The life of a “notorious negro police character” who was an “alleged dopester” that spent many years in “Class A” among Omaha’s “underworld elements” makes for good reading. Living at North 24th and Burdette, he was known as a pimp, a stickup man, a drug dealer, a gambler, and “the moving spirit of a pool room in the tenderloin district” who was also a lieutenant for the city’s crime boss Tom Dennison. This is a biography of North Omaha’s Ollie W. Jackson.
Becoming Notorious

I can’t find where Ollie William Jackson was born in 1865, but regardless of where he was from, he was a man about Omaha.
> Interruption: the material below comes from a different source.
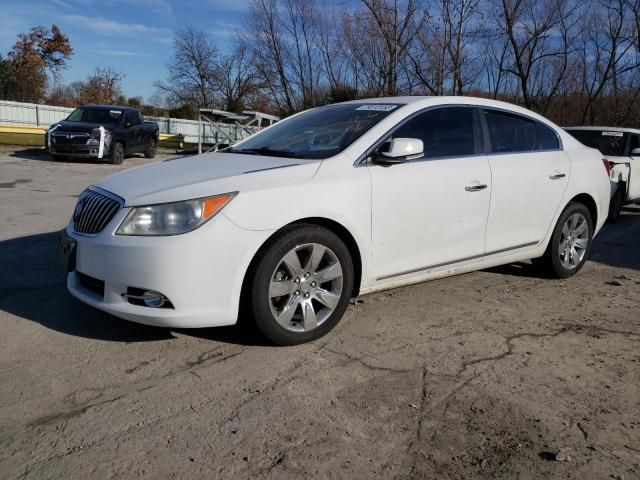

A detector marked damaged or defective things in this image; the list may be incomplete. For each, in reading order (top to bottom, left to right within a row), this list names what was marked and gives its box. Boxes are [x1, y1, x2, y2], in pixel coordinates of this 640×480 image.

cracked asphalt [1, 144, 640, 478]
His name was regularly in the Omaha World-Herald, the Omaha Bee, the Omaha Monitor, and later, the Omaha Guide. He was associated with crimes of all kinds, including shootings, muggings, and more. Following are some of the stories I found with him in them.
As early as 1885, Jackson was implicated in crimes by the city’s newspapers. That year the Omaha Bee said he’d been arrested under suspicion of burglarizing a saloon downtown. One of four men to be arrested, the newspapers didn’t report the outcomes of the arrests.
In a detailed 1898 feature, the Omaha World-Herald referred to him as “the moving spirit of a pool room in the tenderloin district, and bondsman (limited).” In the feature, entitled “Men of Influence,” Jackson was said to be one of a “trio of colored habitues who lend dignity and style to Omaha’s police court and help draw attention to it.” Along with Vic Walker and Chase Green, Jackson regularly “perched his feet on the table, smoking rare cigarettes and Havanas” and mystified the newspaper reporter, who wrote glowingly about the men’s presence. The newspaper opined that the work of these men in court regularly led to, “the old sweet song, ‘I’ll discharge you this time, but don’t come in here again. I’ll give you thirty days on bread and water the next time.”‘
That same year, Jackson presided over a formal “colored Republican” gathering at Nate Brown’s restaurant at N. 12th and Capitol Avenue. Other luminaries from the Black community included Dr. Matthew Ricketts.
Constant Arrests

Throughout the first decade of the 1900s, Jackson was the longtime janitor of the Omaha jail.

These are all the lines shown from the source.